▶ Your objective
The copy should run from the line containing "de oro Anillo" through the last line of the entries below, exactly as written, with pictures omitted.

(Supplied entries)

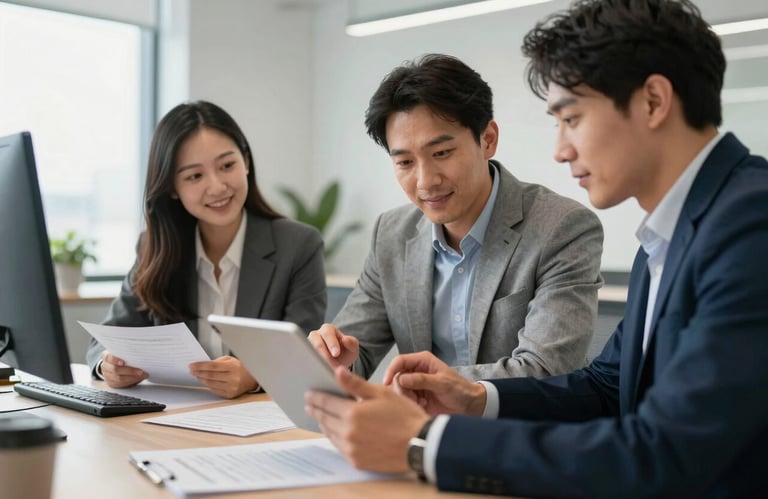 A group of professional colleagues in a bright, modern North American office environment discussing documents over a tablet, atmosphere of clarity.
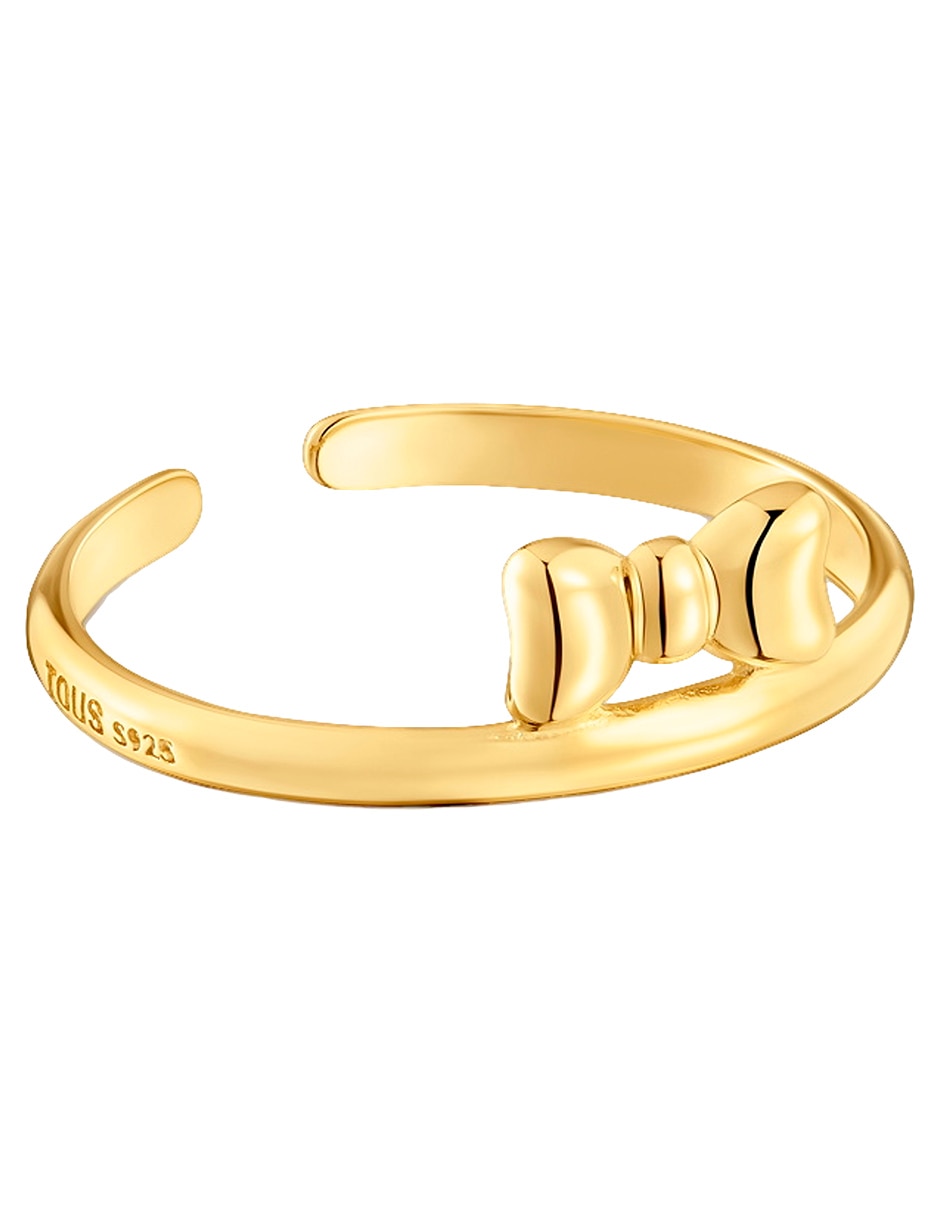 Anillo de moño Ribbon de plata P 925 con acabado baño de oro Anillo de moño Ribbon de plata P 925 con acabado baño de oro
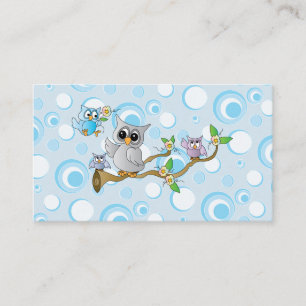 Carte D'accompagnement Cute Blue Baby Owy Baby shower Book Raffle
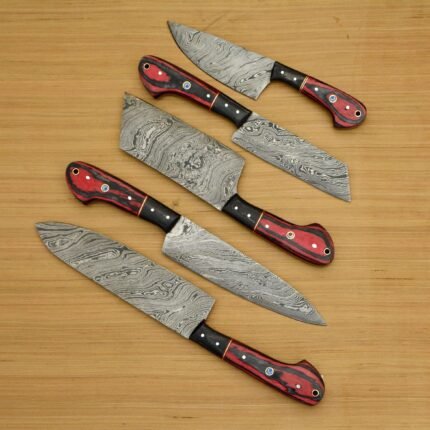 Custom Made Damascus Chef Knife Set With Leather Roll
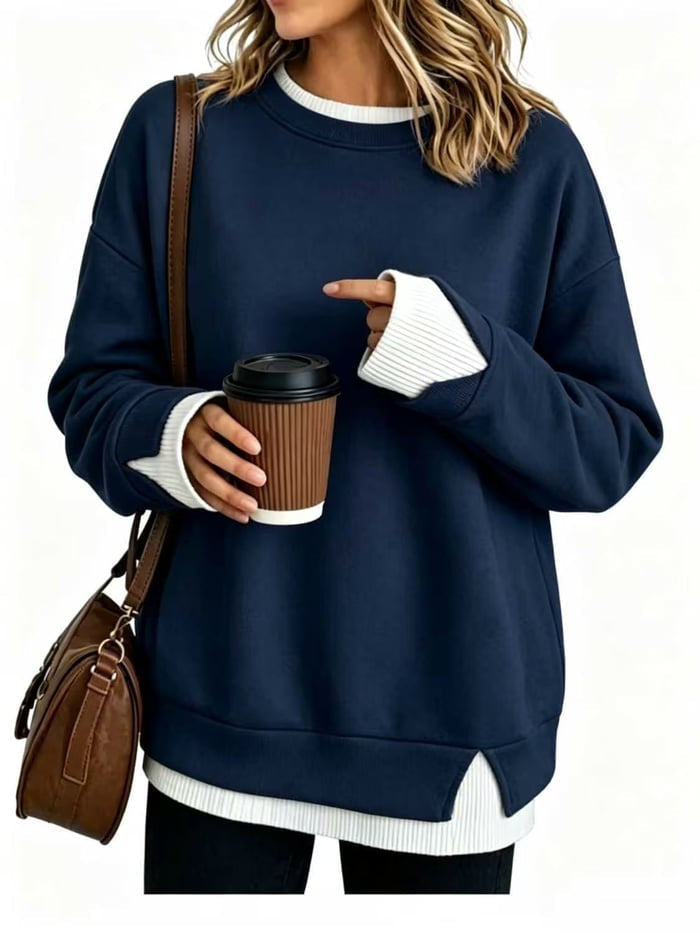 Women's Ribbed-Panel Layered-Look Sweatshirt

(End Supplied entries)

▶ Your solution
 Anillo de moño Ribbon de plata P 925 con acabado baño de oro Anillo de moño Ribbon de plata P 925 con acabado baño de oro
 Carte D'accompagnement Cute Blue Baby Owy Baby shower Book Raffle
 Custom Made Damascus Chef Knife Set With Leather Roll
 Women's Ribbed-Panel Layered-Look Sweatshirt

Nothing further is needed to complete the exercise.